[Source data]
══════════════════════════════

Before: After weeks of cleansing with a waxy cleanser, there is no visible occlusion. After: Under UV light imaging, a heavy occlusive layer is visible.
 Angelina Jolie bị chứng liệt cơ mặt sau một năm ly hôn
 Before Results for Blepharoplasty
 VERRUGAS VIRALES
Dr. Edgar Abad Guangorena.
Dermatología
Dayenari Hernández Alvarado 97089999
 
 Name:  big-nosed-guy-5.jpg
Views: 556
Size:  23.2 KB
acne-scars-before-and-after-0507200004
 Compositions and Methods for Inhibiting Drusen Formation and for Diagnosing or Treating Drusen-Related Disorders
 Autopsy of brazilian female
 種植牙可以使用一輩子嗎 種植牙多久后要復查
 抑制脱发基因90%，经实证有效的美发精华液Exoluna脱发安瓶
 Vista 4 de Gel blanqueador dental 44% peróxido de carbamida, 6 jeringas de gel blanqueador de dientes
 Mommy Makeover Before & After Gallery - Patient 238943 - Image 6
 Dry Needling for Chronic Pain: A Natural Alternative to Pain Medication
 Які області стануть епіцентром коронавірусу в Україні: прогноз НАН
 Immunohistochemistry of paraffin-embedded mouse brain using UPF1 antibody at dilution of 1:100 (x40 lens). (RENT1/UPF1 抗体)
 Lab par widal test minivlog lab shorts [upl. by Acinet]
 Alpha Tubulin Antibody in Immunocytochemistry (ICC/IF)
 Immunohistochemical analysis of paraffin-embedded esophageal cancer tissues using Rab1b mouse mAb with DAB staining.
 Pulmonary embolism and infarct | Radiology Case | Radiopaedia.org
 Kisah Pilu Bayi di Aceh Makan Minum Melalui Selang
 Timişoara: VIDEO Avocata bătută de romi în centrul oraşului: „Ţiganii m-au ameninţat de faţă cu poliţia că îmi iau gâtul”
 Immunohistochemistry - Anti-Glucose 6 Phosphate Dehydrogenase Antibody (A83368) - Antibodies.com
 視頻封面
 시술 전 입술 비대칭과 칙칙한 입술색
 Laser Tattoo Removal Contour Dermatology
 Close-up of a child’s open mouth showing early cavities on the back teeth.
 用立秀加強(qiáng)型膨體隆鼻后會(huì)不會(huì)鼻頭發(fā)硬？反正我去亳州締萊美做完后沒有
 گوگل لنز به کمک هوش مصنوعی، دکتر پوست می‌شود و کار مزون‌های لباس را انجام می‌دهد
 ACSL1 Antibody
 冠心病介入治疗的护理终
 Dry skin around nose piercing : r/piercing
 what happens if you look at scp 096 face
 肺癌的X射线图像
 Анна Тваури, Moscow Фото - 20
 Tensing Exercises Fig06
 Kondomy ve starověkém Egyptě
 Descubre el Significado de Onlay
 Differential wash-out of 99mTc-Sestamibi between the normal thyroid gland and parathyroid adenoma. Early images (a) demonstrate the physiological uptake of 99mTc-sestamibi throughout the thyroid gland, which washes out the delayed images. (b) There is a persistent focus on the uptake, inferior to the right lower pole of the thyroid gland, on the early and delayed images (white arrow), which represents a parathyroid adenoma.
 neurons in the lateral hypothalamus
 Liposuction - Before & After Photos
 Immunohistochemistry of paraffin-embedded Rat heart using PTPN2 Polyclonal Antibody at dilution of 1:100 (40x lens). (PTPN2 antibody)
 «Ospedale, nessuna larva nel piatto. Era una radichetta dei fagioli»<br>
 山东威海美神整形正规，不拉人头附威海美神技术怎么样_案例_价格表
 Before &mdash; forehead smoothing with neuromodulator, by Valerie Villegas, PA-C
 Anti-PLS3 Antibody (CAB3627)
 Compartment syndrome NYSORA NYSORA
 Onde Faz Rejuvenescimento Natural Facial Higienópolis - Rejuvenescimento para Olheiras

══════════════════════════════

#### TASK GOAL
Could you retype exactly the lines above, starting at the line that contains "Dr. Edgar Abad Guangorena." and ending at the line that contains "Descubre el Significado de Onlay", and nothing more?

#### ANSWER SECTION
Dr. Edgar Abad Guangorena.
Dermatología
Dayenari Hernández Alvarado 97089999
 
 Name:  big-nosed-guy-5.jpg
Views: 556
Size:  23.2 KB
acne-scars-before-and-after-0507200004
 Compositions and Methods for Inhibiting Drusen Formation and for Diagnosing or Treating Drusen-Related Disorders
 Autopsy of brazilian female
 種植牙可以使用一輩子嗎 種植牙多久后要復查
 抑制脱发基因90%，经实证有效的美发精华液Exoluna脱发安瓶
 Vista 4 de Gel blanqueador dental 44% peróxido de carbamida, 6 jeringas de gel blanqueador de dientes
 Mommy Makeover Before & After Gallery - Patient 238943 - Image 6
 Dry Needling for Chronic Pain: A Natural Alternative to Pain Medication
 Які області стануть епіцентром коронавірусу в Україні: прогноз НАН
 Immunohistochemistry of paraffin-embedded mouse brain using UPF1 antibody at dilution of 1:100 (x40 lens). (RENT1/UPF1 抗体)
 Lab par widal test minivlog lab shorts [upl. by Acinet]
 Alpha Tubulin Antibody in Immunocytochemistry (ICC/IF)
 Immunohistochemical analysis of paraffin-embedded esophageal cancer tissues using Rab1b mouse mAb with DAB staining.
 Pulmonary embolism and infarct | Radiology Case | Radiopaedia.org
 Kisah Pilu Bayi di Aceh Makan Minum Melalui Selang
 Timişoara: VIDEO Avocata bătută de romi în centrul oraşului: „Ţiganii m-au ameninţat de faţă cu poliţia că îmi iau gâtul”
 Immunohistochemistry - Anti-Glucose 6 Phosphate Dehydrogenase Antibody (A83368) - Antibodies.com
 視頻封面
 시술 전 입술 비대칭과 칙칙한 입술색
 Laser Tattoo Removal Contour Dermatology
 Close-up of a child’s open mouth showing early cavities on the back teeth.
 用立秀加強(qiáng)型膨體隆鼻后會(huì)不會(huì)鼻頭發(fā)硬？反正我去亳州締萊美做完后沒有
 گوگل لنز به کمک هوش مصنوعی، دکتر پوست می‌شود و کار مزون‌های لباس را انجام می‌دهد
 ACSL1 Antibody
 冠心病介入治疗的护理终
 Dry skin around nose piercing : r/piercing
 what happens if you look at scp 096 face
 肺癌的X射线图像
 Анна Тваури, Moscow Фото - 20
 Tensing Exercises Fig06
 Kondomy ve starověkém Egyptě
 Descubre el Significado de Onlay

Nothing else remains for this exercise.